The Hidden Consequences of Forcing Women to Travel for Abortions
By Elisa Slattery
When the U.S. Supreme Court struck down a Texas law imposing restrictions that would have closed more than half that state’s abortion clinics, it held that excessive travel can be a factor in whether a woman faces an “undue burden” in exercising her right to an abortion.
The decision last week, Whole Woman’s Health v. Hellerstedt, a case brought by the Center for Reproductive Rights, throws into sharp relief that, in many parts of the world, it is difficult or even impossible for women to find an abortion provider near where they live. Unlike medical treatments that may be inaccessible because of financial or personnel constraints, when abortion is unavailable, it’s usually because a jurisdiction refuses to recognize it as a valid medical service.
Abortion opponents in the United States have been trying to constrict a woman’s right to abortion since it was recognized by the Supreme Court in Roe v. Wade more than four decades ago. Those efforts are evidenced by restrictions like those at play in Texas, which mandated—without any health benefit to women—that providers obtain admitting privileges at local hospitals and that facilities meet the same exceedingly high standards as ambulatory surgical centers.
But as nefarious as the Texas law may have been, in many cases, women in the United States are better off than their counterparts in countries where abortion rights are slim to nonexistent.
In most Mexican states, for instance, abortion is highly restricted, so women there must travel to Mexico City, where the service is available upon request in the first 12 weeks of a pregnancy. In Northern Ireland, women must leave the country entirely, due to a law dating back to 1861 that bans abortion even in cases of rape, incest, or fatal fetal anomalies.
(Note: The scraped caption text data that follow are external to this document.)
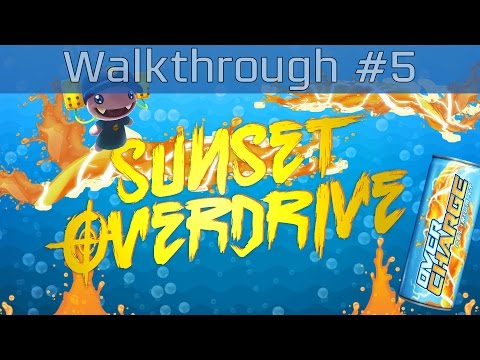 Sunset Overdrive - Walkthrough Part #5 [HD 1080P]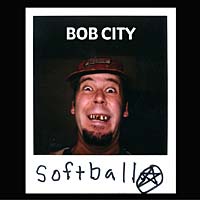 Bob City - Softball CD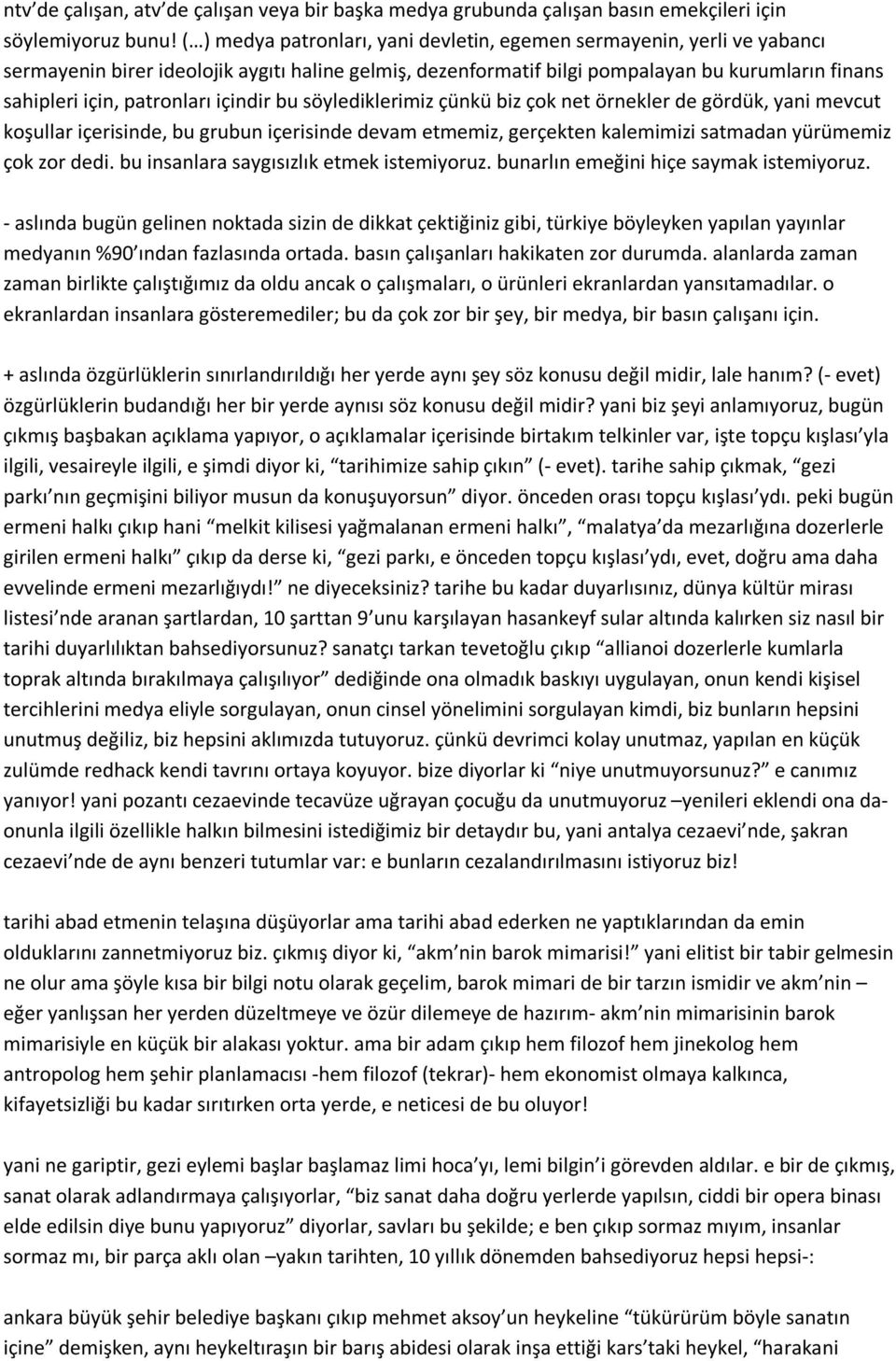 patronları içindir bu söylediklerimiz çünkü biz çok net örnekler de gördük, yani mevcut koşullar içerisinde, bu grubun içerisinde devam etmemiz, gerçekten kalemimizi satmadan yürümemiz çok zor dedi.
They also must cover the costs of the travel and procedure themselves—costs that are covered by the National Health Service for women in other parts of the United Kingdom.
Likewise, in the Republic of Ireland, a constitutional amendment granting equal status to the fetus and pregnant woman has resulted in a law that criminalizes abortion except in cases when carrying a fetus to term would result in the death of the pregnant woman. And while a cross-border directive allows residents of Ireland who require and are entitled to public health care services to be referred to and reimbursed by another EU member state for that care, the directive excludes medical services which are “contrary to Irish legislation,” as abortion is.
These are just a few of the places where reproductive rights are out of reach, and it’s not always the law that stands in the way. Italy’s Ministry of Health reports that seven out of ten gynecologists refuse to give abortions based on religious grounds, with refusal rates reaching almost 90 percent in some parts of the country.
What does it mean, as Justice Ruth Bader Ginsburg wrote in her concurring opinion in Whole Woman’s Health, to “strew impediments to abortion,” forcing women to search for cities and countries where abortion is available and for providers who are willing to provide it?
Traveling long distances for abortions disproportionately harms young women, low-income women, women with precarious immigration status, and women with disabilities, for whom travel is prohibitively expensive, not physically possible, or an otherwise risky proposition. There’s no way to measure the harm of forcing women to locate funds, arrange transportation, schedule childcare, and justify one’s absence to employers, family, and partners—all with the clock ticking as abortions become more expensive and medically complex later in a pregnancy.
But there’s another, perhaps more insidious, aspect of burdensome travel that’s even harder to quantify. It’s a type of social exclusion through which women, however temporarily, are effectively banished from society. Some women’s rights groups have begun to publicly acknowledge this, calling the practice “abortion exile.”
Forcing women to leave their communities for abortions is isolating and degrading; it denies them their status as full and equal citizens. In interviews I’ve conducted in Ireland, women whose pregnancy had a fatal fetal anomaly said that being forced to travel at such a heartbreaking time made them feel as though their country had turned its back on them.
Some progress is being made. Laws that force women to journey abroad for abortion have been found to violate women’s rights in the Republic of Ireland and Northern Ireland. And last week, the U.S. Supreme Court let stand lower-court rulings preventing restrictions from taking place in Mississippi and Wisconsin.
To assist women who are turned away in their search for a basic health service, some organizations have stepped in to provide escorts, places to stay, and (when a clinical abortion is not necessary) creative ways to access medical abortion. But not all women are able to access such options, and they shouldn’t have to. The resourcefulness and creativity of women’s rights groups and their allies do not absolve the state from its responsibility to meet women’s health needs.
The Center for Reproductive Rights is a grantee of the Open Society Foundations.